My father Frank Arbuckle (Buck) was born in 1877, was raised in Kansas, and went railroading in 1906.
In 1913, he joined one of Union Pacific's constituent railroads, The Denver and Salt Lake Railroad (the Moffat Road) as a trainman, working there until 1946. He then worked with the UP-constituent railroad, the Denver & Rio Grande Western, from the time of the Moffat merger (circa 1946) until his retirement in 1959.
The Moffat was completed from Denver to its terminus, Craig, Colo., around 1913, and Rollins Pass, 50 miles west of Denver at 11,660 feet, with its 4 percent grade and months of arctic-like blizzards, dominated Moffat railroad operations, economics and the lives of employees.
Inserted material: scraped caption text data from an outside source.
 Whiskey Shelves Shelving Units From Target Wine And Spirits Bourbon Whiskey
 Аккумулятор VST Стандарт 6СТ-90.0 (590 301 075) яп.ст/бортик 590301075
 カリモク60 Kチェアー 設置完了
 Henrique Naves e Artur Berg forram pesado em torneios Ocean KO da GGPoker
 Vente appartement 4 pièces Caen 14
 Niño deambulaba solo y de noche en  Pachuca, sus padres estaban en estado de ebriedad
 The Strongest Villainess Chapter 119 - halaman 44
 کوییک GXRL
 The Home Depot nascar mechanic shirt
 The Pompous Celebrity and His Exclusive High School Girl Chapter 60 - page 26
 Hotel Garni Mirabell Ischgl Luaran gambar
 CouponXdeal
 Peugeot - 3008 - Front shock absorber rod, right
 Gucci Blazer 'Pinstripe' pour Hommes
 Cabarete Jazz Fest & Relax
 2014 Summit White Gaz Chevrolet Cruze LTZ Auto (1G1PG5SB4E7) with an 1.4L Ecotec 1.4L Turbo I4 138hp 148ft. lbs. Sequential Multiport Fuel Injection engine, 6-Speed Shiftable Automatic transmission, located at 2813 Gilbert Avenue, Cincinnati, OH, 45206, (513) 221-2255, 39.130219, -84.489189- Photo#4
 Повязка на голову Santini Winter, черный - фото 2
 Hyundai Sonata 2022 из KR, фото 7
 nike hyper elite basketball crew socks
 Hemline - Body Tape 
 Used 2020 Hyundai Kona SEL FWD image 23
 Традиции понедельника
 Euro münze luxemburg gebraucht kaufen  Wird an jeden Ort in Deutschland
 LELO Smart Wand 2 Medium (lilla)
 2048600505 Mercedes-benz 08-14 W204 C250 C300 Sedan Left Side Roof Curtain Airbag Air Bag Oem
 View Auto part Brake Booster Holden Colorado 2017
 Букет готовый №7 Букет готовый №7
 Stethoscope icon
Buck, based in Denver as conductor, worked Rollins Pass freight and in the winter worked snowplow trains over the Pass with its hazards, such as snarled trains; out-of-water tenders; and track laborers shoveling from snow precipices to clear a plow's blades and refill tenders. The single experience from that time that he shared with me was that of being stranded 30 days on the Pass because of repetitive blizzards!
My father already was 22 years into his railroad career when I was born, but when I was nine, I occasionally made trips with him. A few miles after departure, and after eating my precious box of animal crackers, I was asleep, sprawled in a chair car seat.
Original plans were that my father would retire in 1942, at the age of 65, and he would move back to where his railroad career began: Nickerson, Kan. But everything changed in December 1941 with Pearl Harbor. He knew there would be a huge need for railroad workers to serve the war effort, and retirement was out!
He finally did retire in 1959, at the age of 82, still in excellent health, with 53 years of railroad service, 46 of which were with Union Pacific's constituent railroads. Well before his retirement, the use of the Moffat Station was history. The train register, his locker, and watch check now were deep in the DUT (Denver Union Terminal), itself an edifice of change in regional Denver.
Buck was a witness to a large segment of spectacular Colorado railroad history, and he was part of that history. He passed away in 1973 at the age of 96, and was buried at the Goleta, Calif., Cemetery, just yards from the Union Pacific Coastline main.